05 | 09 | 2025

"Make 'em cry, make 'em laugh, make 'em wait"

Bringing queerness forth. Armistead Maupin opens up

Tales of the City is a series of books published between 1978 and 2004, a family saga set in a single place, an apartment at 28 Barbary Lane, San Francisco. These books were ground-breaking examples of queer representation, telling diverse stories and making them feel normal, believable, and true. They offered one of the earliest, heart-felt explorations of queer domesticity.

Their author, Armistead Maupin, is himself a ground-breaking figure. His conversation with Peter Florence is no less than a confession, an exploration of the author’s mind. Florence doesn’t go easy on him – he knows what he wants, and won’t stop before he gets his answers. Fortunately, Maupin is more than willing to play along.

Growing up in conservative North Carolina, he was lucky enough to meet a woman – Mrs. Peacock – who “picked him up from the crowd”, pushing him to write. And yet letting go of his upbringing, of the conservatism of his family wasn’t easy. “I went along with it” says Maupin. He had no other way of looking at the world.

“It took San Francisco to get conservatism out of me”. Or rather, “it took a dick in my mouth to change my mind”. Maupin isn’t afraid to be explicit, keeping the audience engaged with his wit and humour.

1976 was a pivotal year. As a strong-minded twenty-something he proposed to the San Francisco Chronicle something completely new and incredibly traditional at the same time: a Dickensian series of short stories, five days a week. A story that would never end. That’s when Tales of the City was born.

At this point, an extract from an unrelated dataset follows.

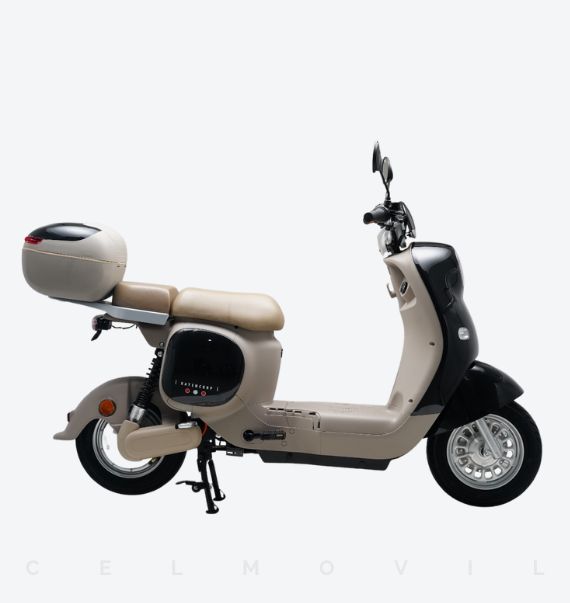 Bicimoto VMP BOHE, B. Litio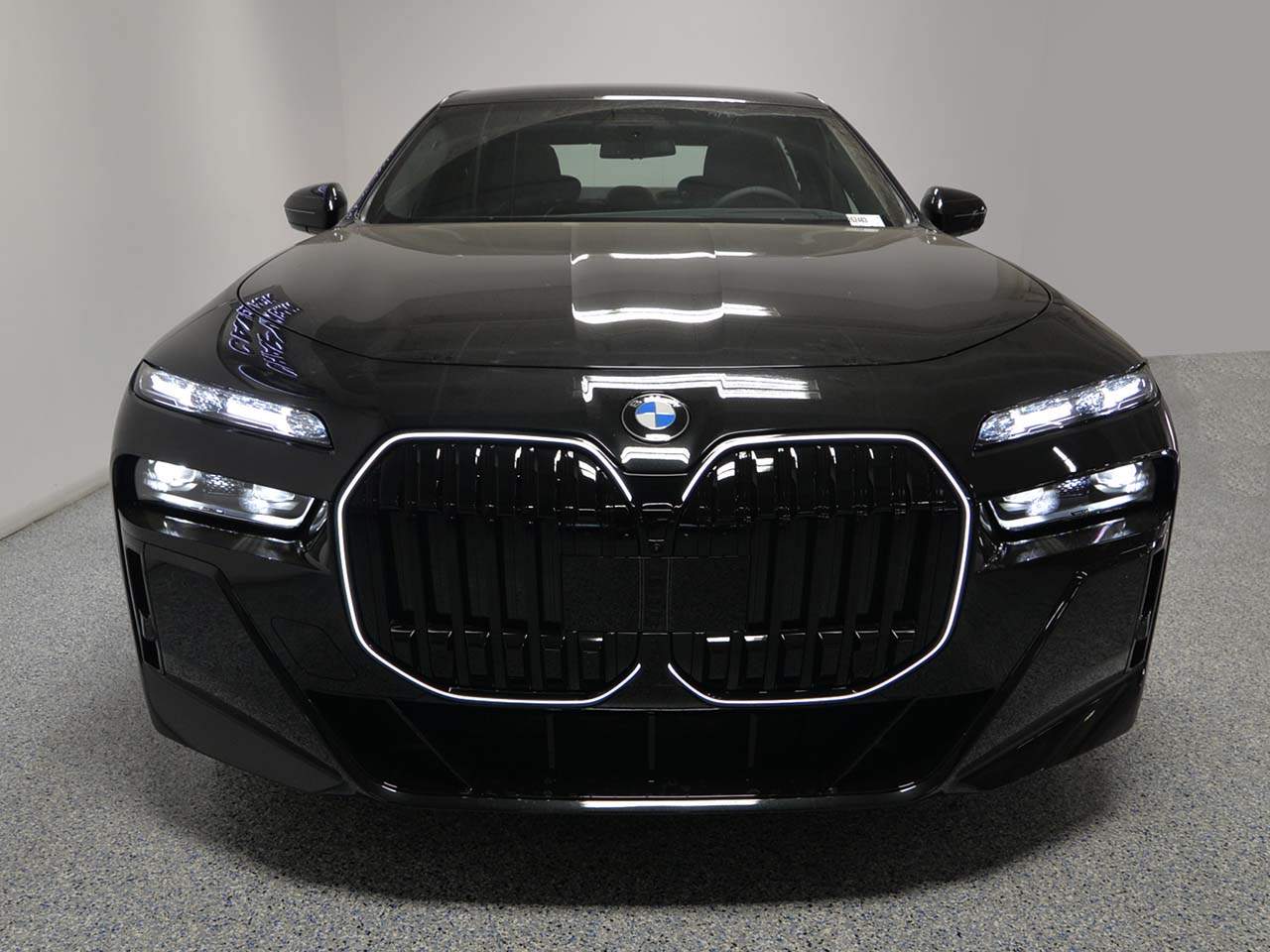 2026 BMW 7-Series 760i xDrive Sedan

An exhausting, stressful job, he admits. But also “the most extraordinary opportunity to be absolutely contemporary”. And to be “absolutely contemporary” in 1976 San Francisco meant representing queerness, sexual liberation, the hidden reality of the bathhouses, and many incredible characters with their multifaceted identities. His Tales became a mosaic of representation: he was the first writer to ever mention a death from AIDS, and he created Anna Madrigal, “the first sympathetic transgender character” in literature.

Florence recalls Maupin’s fictional coming out, a letter written by Micheal ‘Mouse’ Tolliver (the character the writer infused most of himself in) that has become a classic, used by many queer people for their own coming outs. It’s striking to see how many people were influenced by his books – or by their TV adaptation – and thanks to these stories discovered something about themselves.

This conversation isn’t just a stroll down memory lane, though. It contracts and expands, and Maupin is never afraid to speak his mind. When asked about the differences between the US and England (his new home) he’s rather clear. Despite Britain’s narrative around inclusion, something is deeply wrong there. A self-declared “champion for the T in the LGBT community”, he brands trans exclusion - culminated in the UK Supreme Court ruling last April - as “the most ridiculous thing I’ve ever seen”.

With clarity, courage, and compassion, Maupin contributes to the unfinished tale of solidarity.